The timeout for agents is now updated to 30 minutes. Your agent has to complete 1 episode in 30 minutes.
Also, as a participant pointed out, it is possible to use the information of the first episode to overfit a solution to the subsequent episodes. This is not in the spirit of the competition, and we request you to setup your agents such that they can run episodes independently.
Starting from phase 3, the parallel run setup will be changing, but the episodes will remain 1.

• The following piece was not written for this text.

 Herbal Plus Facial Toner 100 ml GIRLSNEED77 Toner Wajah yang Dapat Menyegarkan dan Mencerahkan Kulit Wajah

If I may, I’d add some proposals to the evaluation before the phase 3 has started:
I see the competition problem in 2 parts:
how to know the future
how to act when you somehow figured out the future
In my opinion, the ideal test would be an unseen set of buildings in the unseen time in the future. Relating it to our competition, if we’d design it from the beginning and if you only have 1 year of data from 17 buildings: it would be great to for example give first 8 month and 10 buildings for training / public scores and have the next 4 months 7 buildings for private scores, and not to show the scores/logs for the private part until the end. Of course only one episode of evaluation should be run.
However, when all the future data is already shown, I think the best design of the 3rd stage is to:
run it only for 1 first episode - this would eliminate the problem of overfitting/memorising data, you will not even need to check who is doing what + in reality you will never have a chance to be twice in the same time, why do it in the evaluation?
do not show scores for additional 7 buildings and have a final score only on them (as on a separate 7 building community): this will eliminate the manual/ other solutions that overfit on training, or the data from logs in phase 2. + Blocking logs as described in the previous post is mandatory.
This are only my ideas, would be glad to see the organisers and participants responses / proposals.
Indeed, we do have a private leaderboard planned for Phase 3.
Originally we had planned to hide the scores of the 7 buildings that will be added in Phase 3 completely. However I also like your idea of hiding last 4 months, we’ll discuss this internally.
@tymur_prorochenko Great suggestions! That said, I’m not sure if I agree about splitting the evaluation by time (8 month training/public, 4 month private). In that case, the final objective is to generalize after a warm-up period. However, in reality, the cold start problem is a real concern.
@mt1 sadly it does not make any sense now singe we already know what happens during the year. Ideally we should discuss hiding future months only if the orgs have more data somewhere))
@tymur_prorochenko Thanks for the quick reply. I think I might be missing something. I see how there is nothing we can do about the training data because it was already provided, but if I’m not mistaken, the evaluation framework prevents us from accessing future data in the validation and test sets. If we only run one episode, then our agents will never know the future data ahead of time.